Instructions for the task ▸
Please take the lines from the one holding "Chicago, Illinois Shake" through the one holding "Accident între o" in the data below and copy them exactly.

Data to process ▸
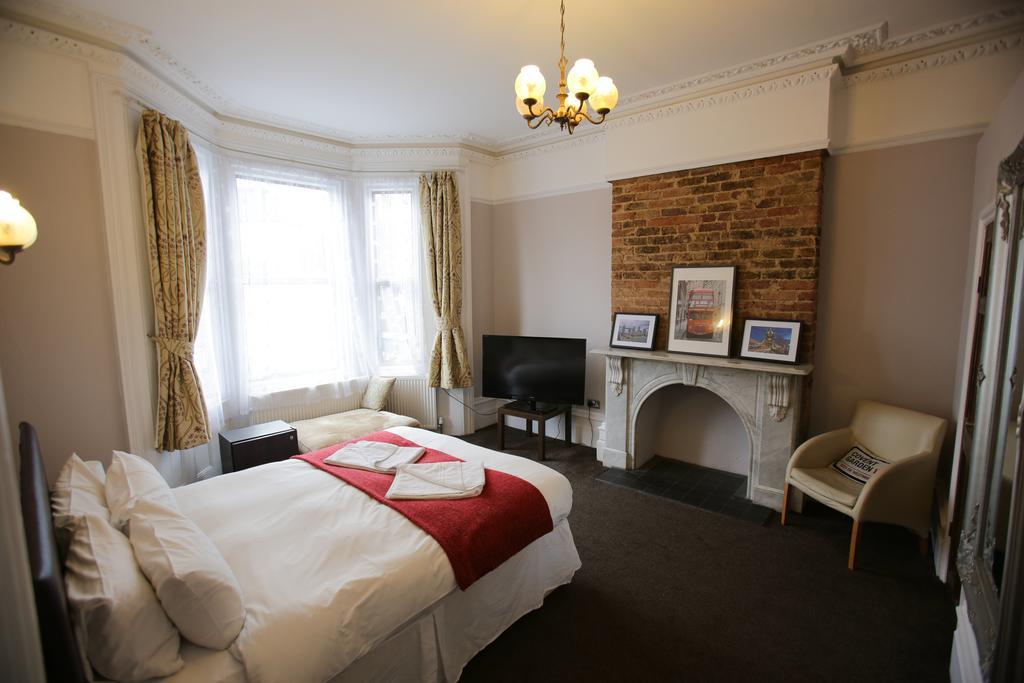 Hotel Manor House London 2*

---

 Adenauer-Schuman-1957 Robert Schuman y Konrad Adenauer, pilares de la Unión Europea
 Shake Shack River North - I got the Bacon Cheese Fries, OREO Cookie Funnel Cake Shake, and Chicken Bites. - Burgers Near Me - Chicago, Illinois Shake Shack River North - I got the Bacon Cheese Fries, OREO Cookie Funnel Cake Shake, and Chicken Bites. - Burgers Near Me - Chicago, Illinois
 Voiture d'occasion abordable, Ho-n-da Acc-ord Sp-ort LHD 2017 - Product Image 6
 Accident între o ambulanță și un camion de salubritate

Finished task ▸
 Shake Shack River North - I got the Bacon Cheese Fries, OREO Cookie Funnel Cake Shake, and Chicken Bites. - Burgers Near Me - Chicago, Illinois Shake Shack River North - I got the Bacon Cheese Fries, OREO Cookie Funnel Cake Shake, and Chicken Bites. - Burgers Near Me - Chicago, Illinois
 Voiture d'occasion abordable, Ho-n-da Acc-ord Sp-ort LHD 2017 - Product Image 6
 Accident între o ambulanță și un camion de salubritate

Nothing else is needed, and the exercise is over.